A family of symmetric matrices $A_1,\ldots, A_d$ is SDC (simultaneous diagonalization by congruence) if there is an invertible matrix $X$ such that every $X^T A_k X$ is diagonal. In this work, a novel randomized SDC (RSDC) algorithm is proposed that reduces SDC to a generalized eigenvalue problem by considering two (random) linear combinations of the family. We establish exact recovery: RSDC achieves diagonalization with probability $1$ if the family is exactly SDC. Under a mild regularity assumption, robust recovery is also established: Given a family that is $\epsilon$-close to SDC then RSDC diagonalizes, with high probability, the family up to an error of norm $\mathcal{O}(\epsilon)$. Under a positive definiteness assumption, which often holds in applications, stronger results are established, including a bound on the condition number of the transformation matrix. For practical use, we suggest to combine RSDC with an optimization algorithm. The performance of the resulting method is verified for synthetic data, image separation and EEG analysis tasks. It turns out that our newly developed method outperforms existing optimization-based methods in terms of efficiency while achieving a comparable level of accuracy.

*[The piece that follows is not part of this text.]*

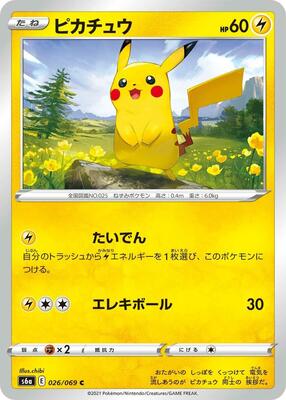 2021 Japanese Eevee Heroes Pikachu #26 card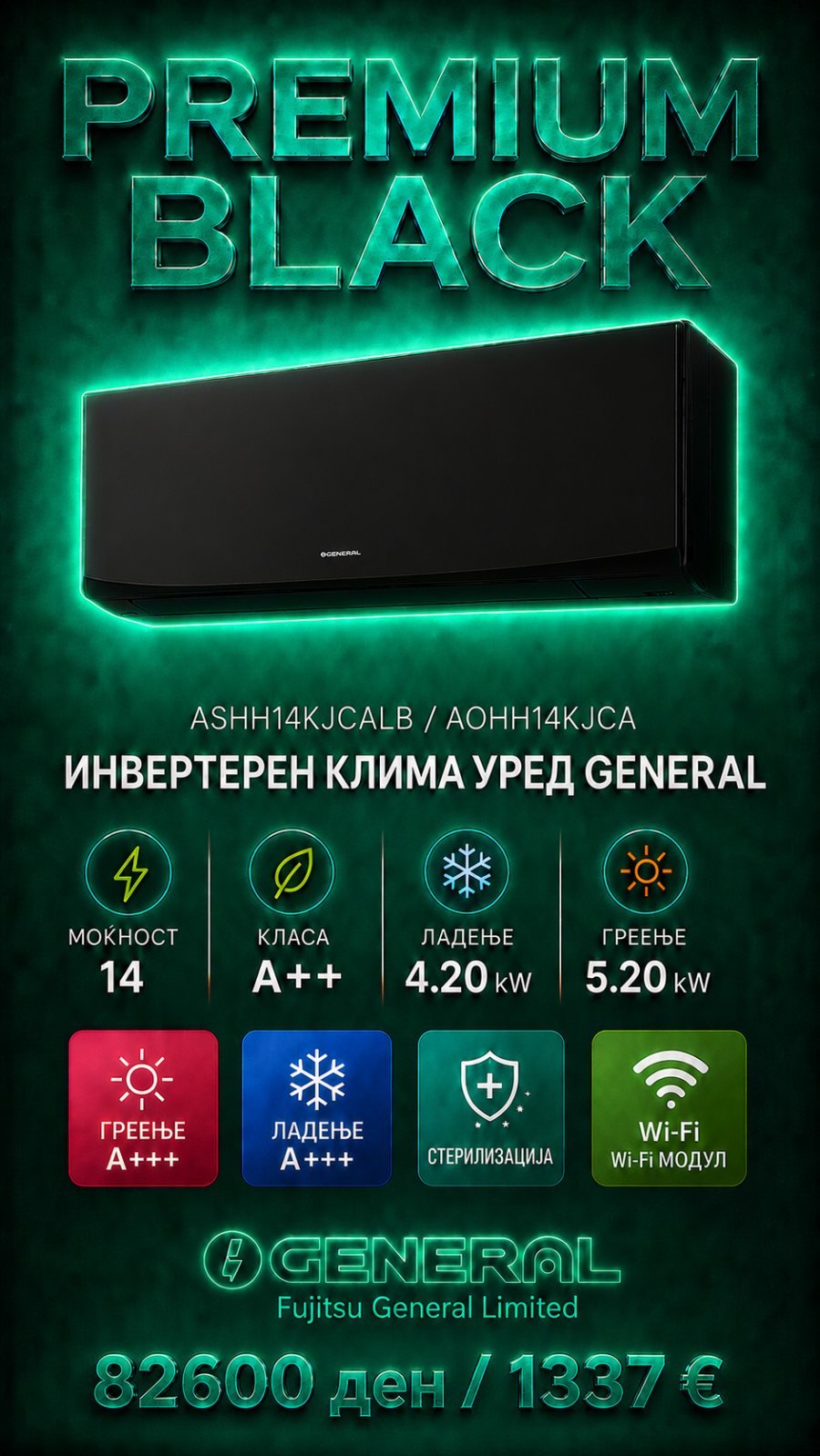 Клима уред General Premium Black ASHH14KJCALB/AOHH14KJCA — цена 82.600 ден. (1.337 €)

翻译：给定一族对称矩阵 $A_1,\ldots, A_d$，若存在可逆矩阵 $X$ 使得每个 $X^T A_k X$ 均为对角矩阵，则称该矩阵族可通过合同变换同时对角化（SDC）。本文提出一种新型随机SDC（RSDC）算法，通过考虑该族矩阵的两个（随机）线性组合，将SDC问题转化为广义特征值问题。我们建立了精确恢复性质：若矩阵族严格满足SDC条件，RSDC以概率 $1$ 实现对角化。在温和正则性假设下，还建立了鲁棒恢复性质：对于 $\epsilon$-接近SDC的矩阵族，RSDC以高概率将其对角化至范数误差为 $\mathcal{O}(\epsilon)$。在正定性假设（实际应用中常成立）下，得到了更强结果，包括变换矩阵条件数的界。面向实际应用，我们建议将RSDC与优化算法相结合。在合成数据、图像分离和脑电信号分析任务中验证了该方法的性能。结果表明，新方法在实现相当精度的同时，效率优于现有基于优化的方法。